Freiburg Baroque Orchestra
As the youngest son of the famed J.S. Bach, Johann Christian Bach inherited a large number of elder brothers and half-brothers, several of whom were already well-established as musicians by the time he was born. Largely—and impressively—avoiding sibling rivalry, he became the most cosmopolitan of the Bach sons, with a musical style that turned away from the North German Lutheranism of his father and brothers and towards the more vibrant and modern sensibilities of Italy.
J.C. Bach learned keyboard and the rudiments of music from his father in Leipzig. But after his father’s death in 1750, he went to live in Berlin with his half-brother, C.P.E. Bach, 21 years his senior. It was while in Berlin that J.C. Bach came into contact with Italian opera, igniting a passion that he would explore further. He was the only Bach son to compose Italian opera.

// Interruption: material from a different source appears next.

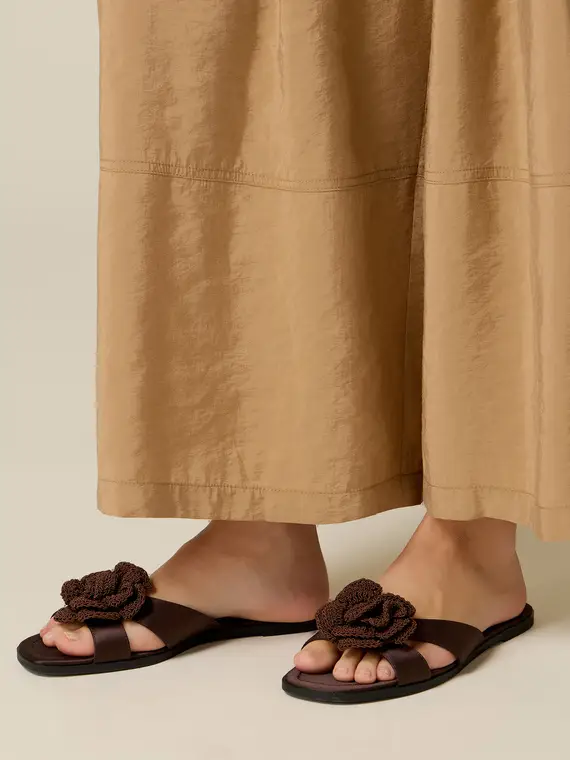 Oltre Sandali flat con fiore in crochet Donna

Bach left Berlin for Italy when he was 20, converted to Catholicism, and was appointed the organist at Milan Cathedral where he was known as “Giovanni Bach.” Then in 1762 he moved to London and became a leading figure in London’s music scene. He was consequently dubbed the “London Bach, ” and was known in the city simply as “John Bach.”
In 1764, J. C. Bach met the young Mozart, and their friendship blossomed almost immediately. Some scholars have suggested he was a more powerful influence on the young Mozart’s compositional style than was the boy’s overbearing father, Leopold. When J. C. Bach died in 1782, the news was hardly noted at all outside London, but when Mozart heard of it, he remarked to his father that the death of his friend and mentor was “a loss to music.”

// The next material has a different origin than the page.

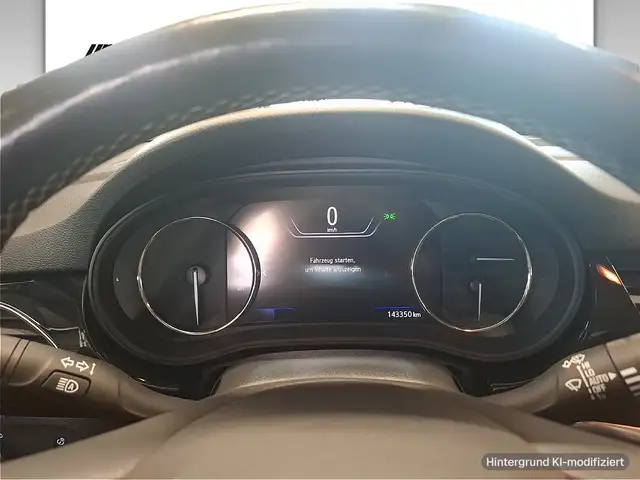 Opel Astra view 8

Not only did John Bach instill in the young Mozart a love of J. S. Bach’s “old-style” music, but also demonstrated for Mozart the emerging new genres of symphony, classical concerto, and quartet. In that regard, J.C. Bach’s 60 or so symphonies are not only monuments to their time, but also crucial ancestors to the later development of the Classical symphony.
Composed in the 1760s, J.C. Bach’s Symphony in G minor, Op. 6 No. 6, is exactly the kind of work that was performed at the fashionable and influential London concerts he organized with Carl Friedrich Abel, and the kind of new music the young Mozart soaked up enthusiastically. It is, in effect, a Sturm und Drang symphony, with each of the three movements in a minor key. It might not be a coincidence that the only two symphonies (out of 41) that Mozart composed in a minor key were also in the key of G minor. Their pedigree is clear.